STMicroelectronics has revealed a highly miniaturized IC for 4G smartphones for even more attractively sized designs offering high GPS performance.
By design, 4G smartphones will use multiple cellular connections to deliver mobile broadband services at speeds of more than 100 Mbps. With Bluetooth, Wi-Fi and GPS also built in, some of the handset’s receivers must share an antenna to save space. ST has used its advanced packaging expertise to create a tiny 1.14 mm2 antenna-sharing IC, the DIP1524, capable of delivering high signal strength to several RF receivers simultaneously.

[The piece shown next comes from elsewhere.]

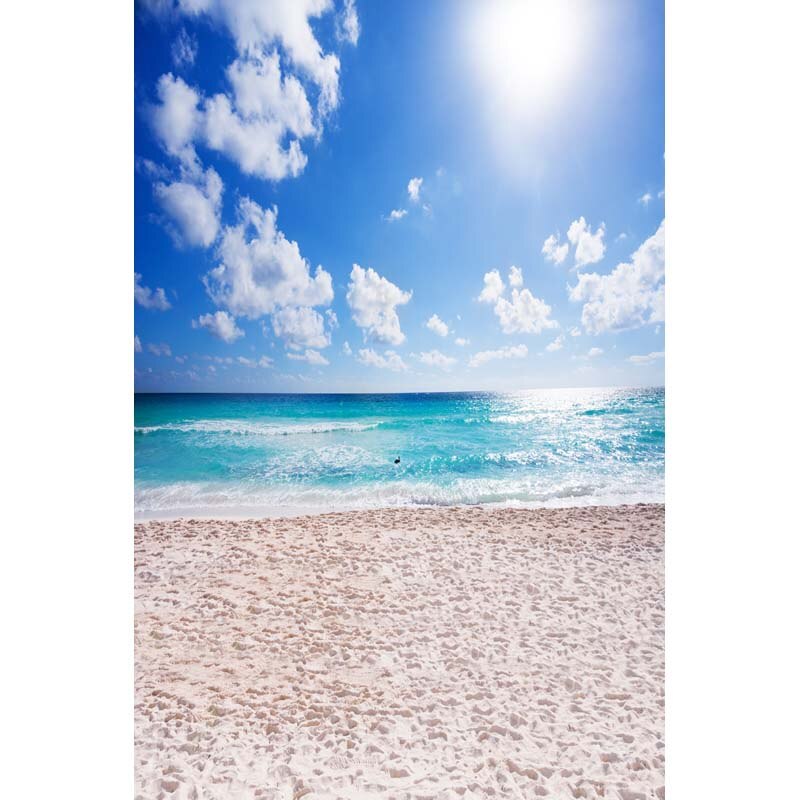 scenery photo backdrop Beach footprints sky sun blue sea photocall shoot background studio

Achieving such an efficient antenna connection is especially important for handset GPS functionality, since the received satellite signals are relatively weak. Users of smartphones featuring the DIP1524 will experience advantages including faster GPS startup time (time to first fix), more accurate position detection and, as a result, even more reliable location-based services that benefit from strong connections to several satellites.
The DIP1524 diplexer utilizes ST’s Integrated Passive Device (IPD) technology, fabricated on a glass substrate that minimizes insertion losses compared to the ceramic substrates used by other manufacturers. Its flip-chip package has a footprint the same size as the chip itself, thereby occupying 65% less pc-board area than competing devices in conventional packages with a total footprint larger than 3 mm2. The DIP1524 enables handset designers to connect receivers for GPS/GLONASS satellites, Bluetooth, Wi-Fi and LTE band 7 to the same antenna.
Major features of DIP1524:
• GPS insertion loss: 0.65 dB (max.)
• GLONASS insertion loss: 0.75 dB (max.)
• Zero performance drift
• High channel isolation
• No value dispersion between components
The DIP1524-01D3 is sampling now in a 4-bump flip-chip package, and will be available in high volumes priced from $0.129 for orders over 1000 pieces. Alternative higher-volume pricing options are available on request.